Find the line below with "carpeted bedroom featuring a closet". Print it and every line after it exactly, through the last line, leaving out the pictures.

** Opening Source data block **

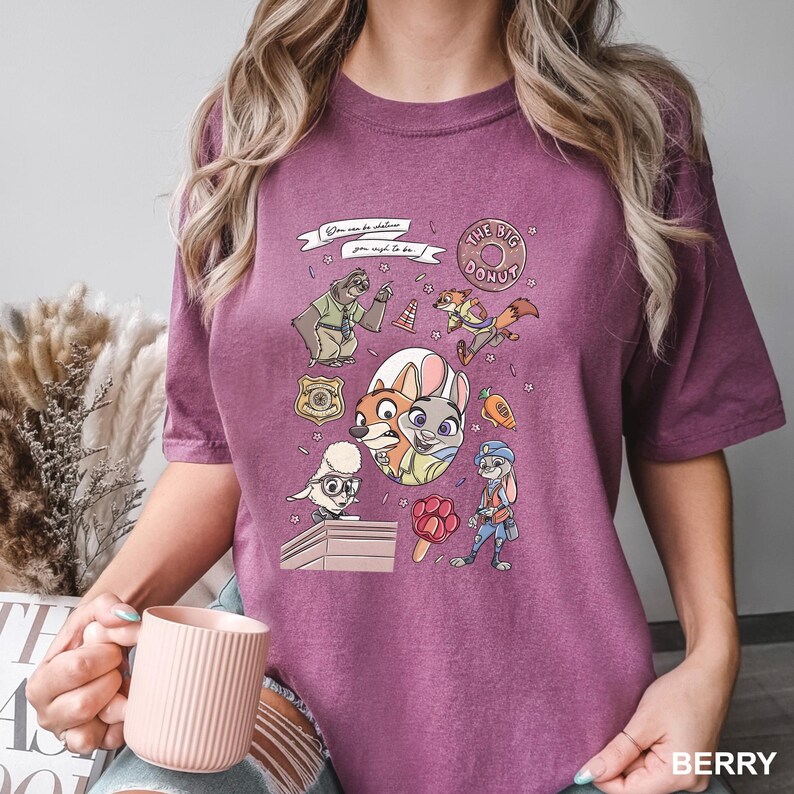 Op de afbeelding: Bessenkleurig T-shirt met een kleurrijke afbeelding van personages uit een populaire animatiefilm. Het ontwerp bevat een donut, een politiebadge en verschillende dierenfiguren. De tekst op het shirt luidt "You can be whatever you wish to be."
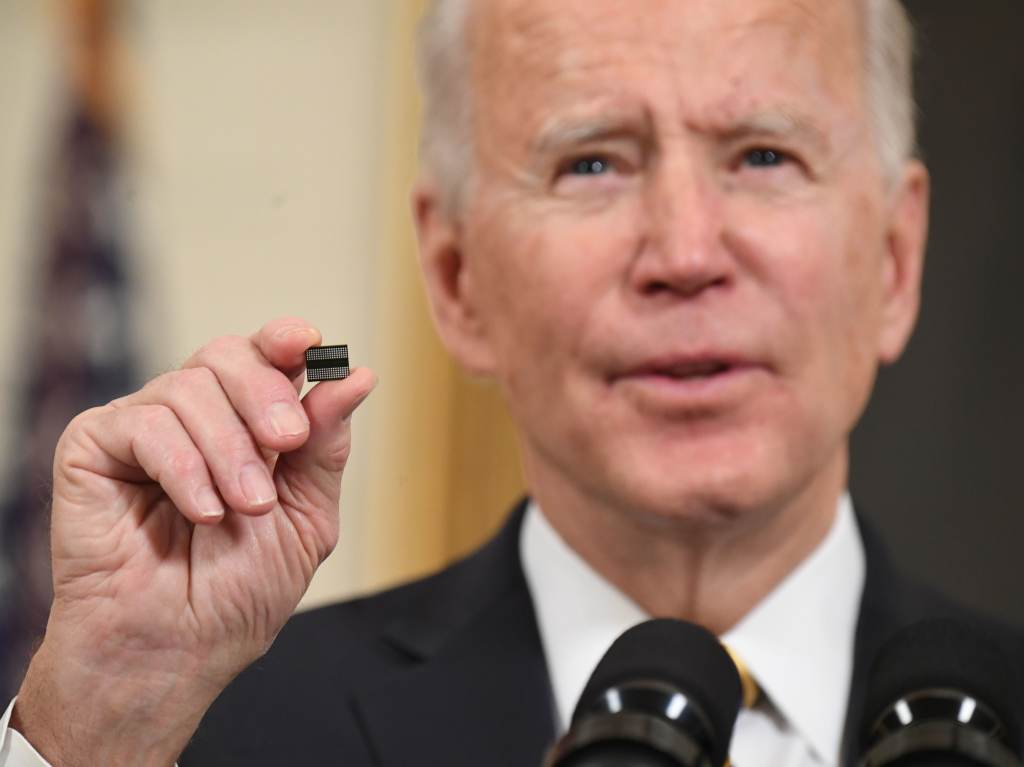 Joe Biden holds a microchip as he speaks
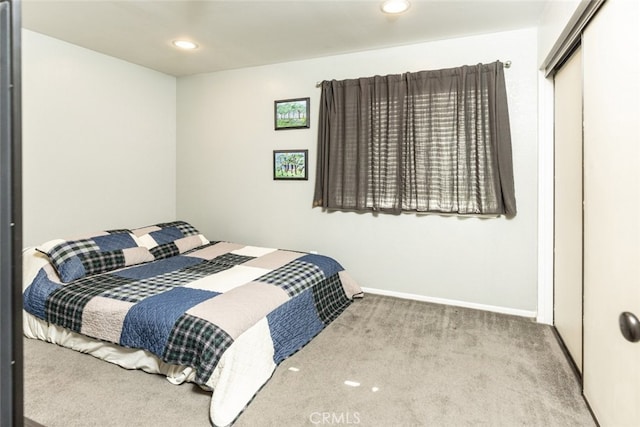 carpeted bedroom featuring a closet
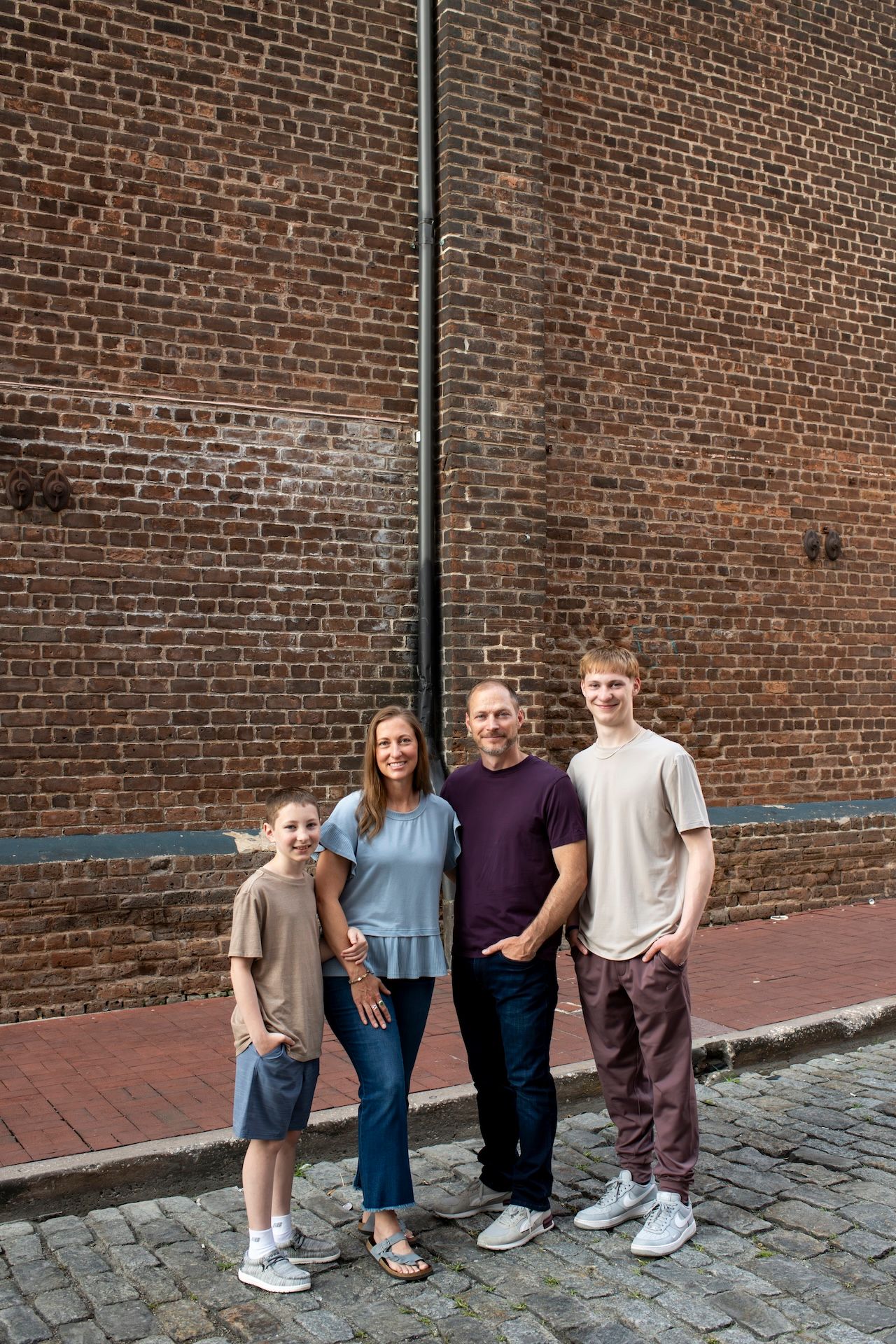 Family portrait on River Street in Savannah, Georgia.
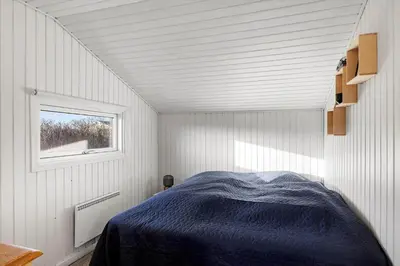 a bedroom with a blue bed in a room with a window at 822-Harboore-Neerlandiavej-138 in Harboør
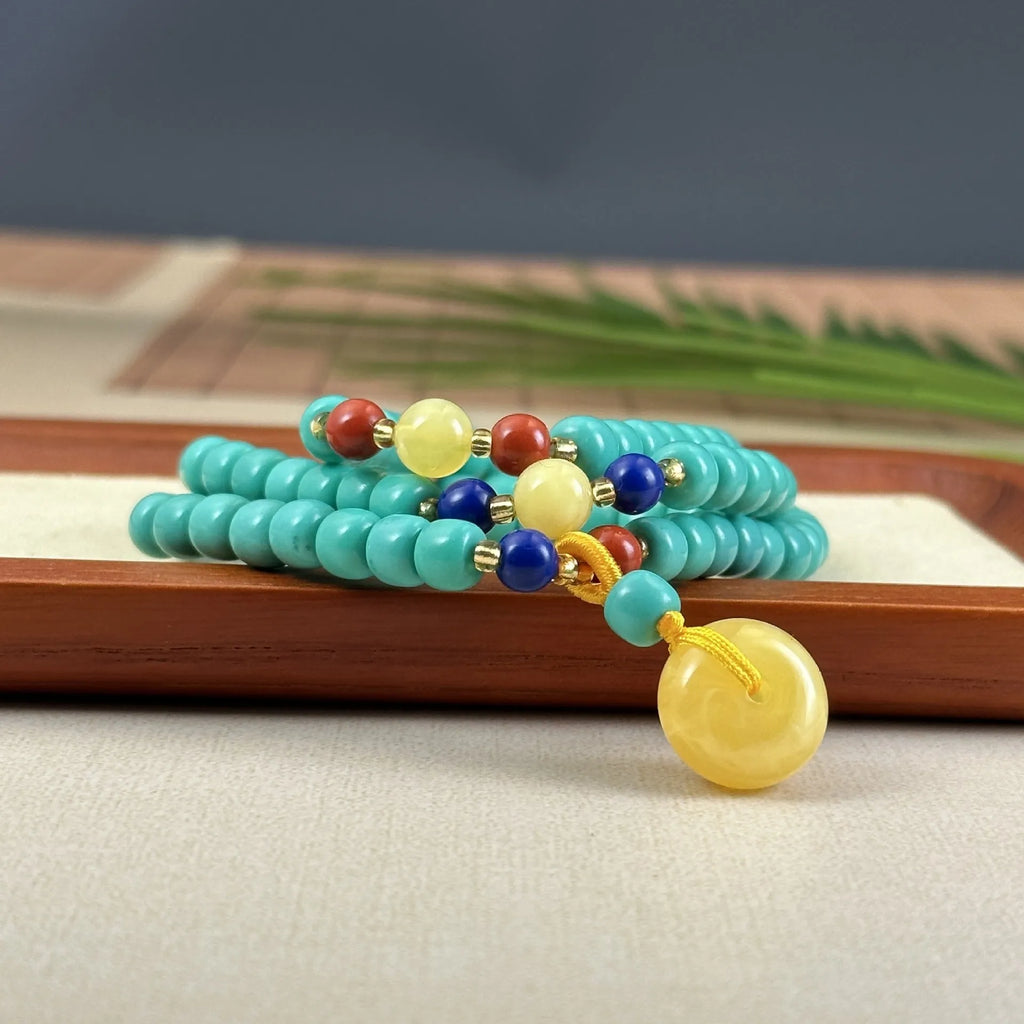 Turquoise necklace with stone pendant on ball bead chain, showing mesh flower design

** Closing Source data block **

Answer box ->
 carpeted bedroom featuring a closet
 Family portrait on River Street in Savannah, Georgia.
 a bedroom with a blue bed in a room with a window at 822-Harboore-Neerlandiavej-138 in Harboør
 Turquoise necklace with stone pendant on ball bead chain, showing mesh flower design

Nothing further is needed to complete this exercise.